### Work instructions
Each line from the one holding "A view from" to the last line of the listing must be set down exactly. No pictures are to be included.

***** Supplied information *****

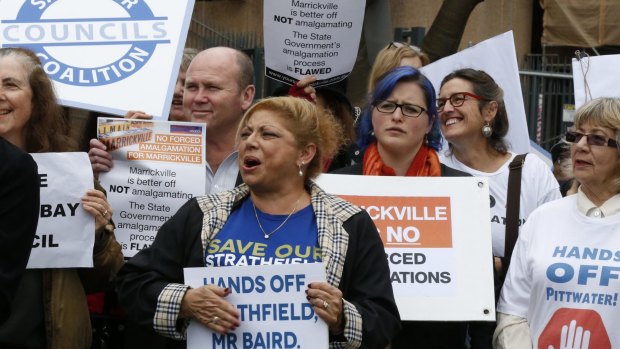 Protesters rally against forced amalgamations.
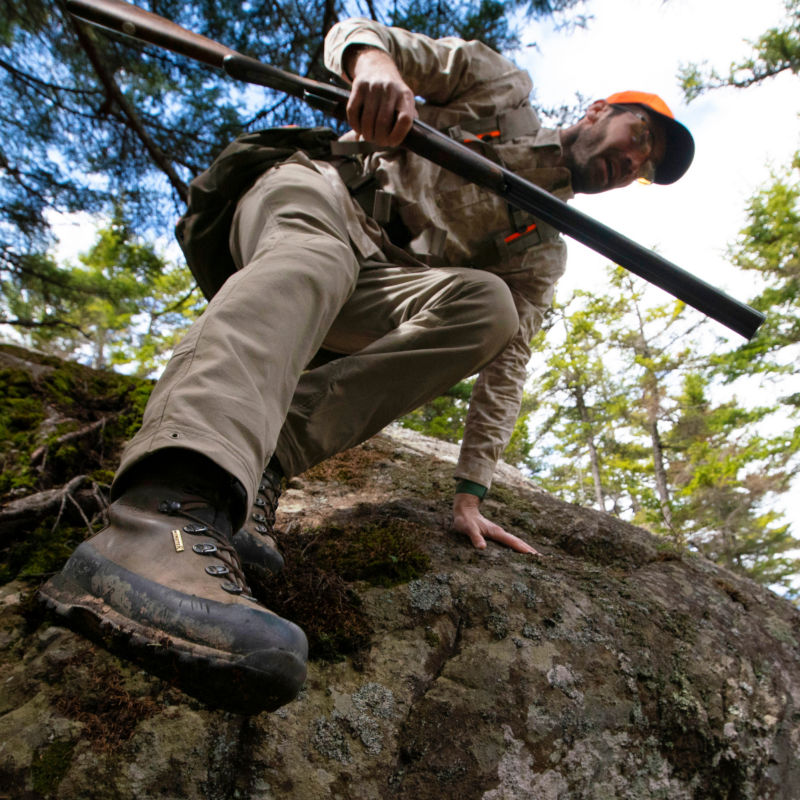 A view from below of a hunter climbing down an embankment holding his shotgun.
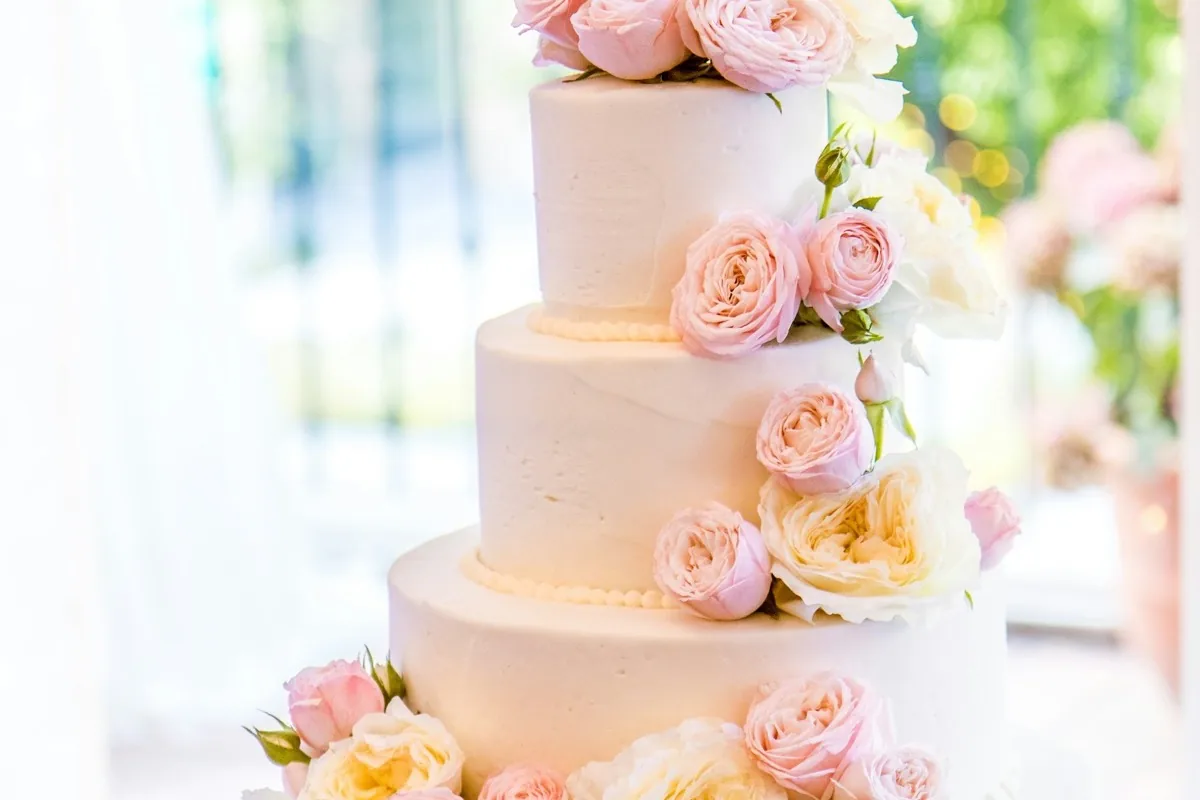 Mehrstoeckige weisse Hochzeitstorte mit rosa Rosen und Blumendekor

*****

### Exercise response
 A view from below of a hunter climbing down an embankment holding his shotgun.
 Mehrstoeckige weisse Hochzeitstorte mit rosa Rosen und Blumendekor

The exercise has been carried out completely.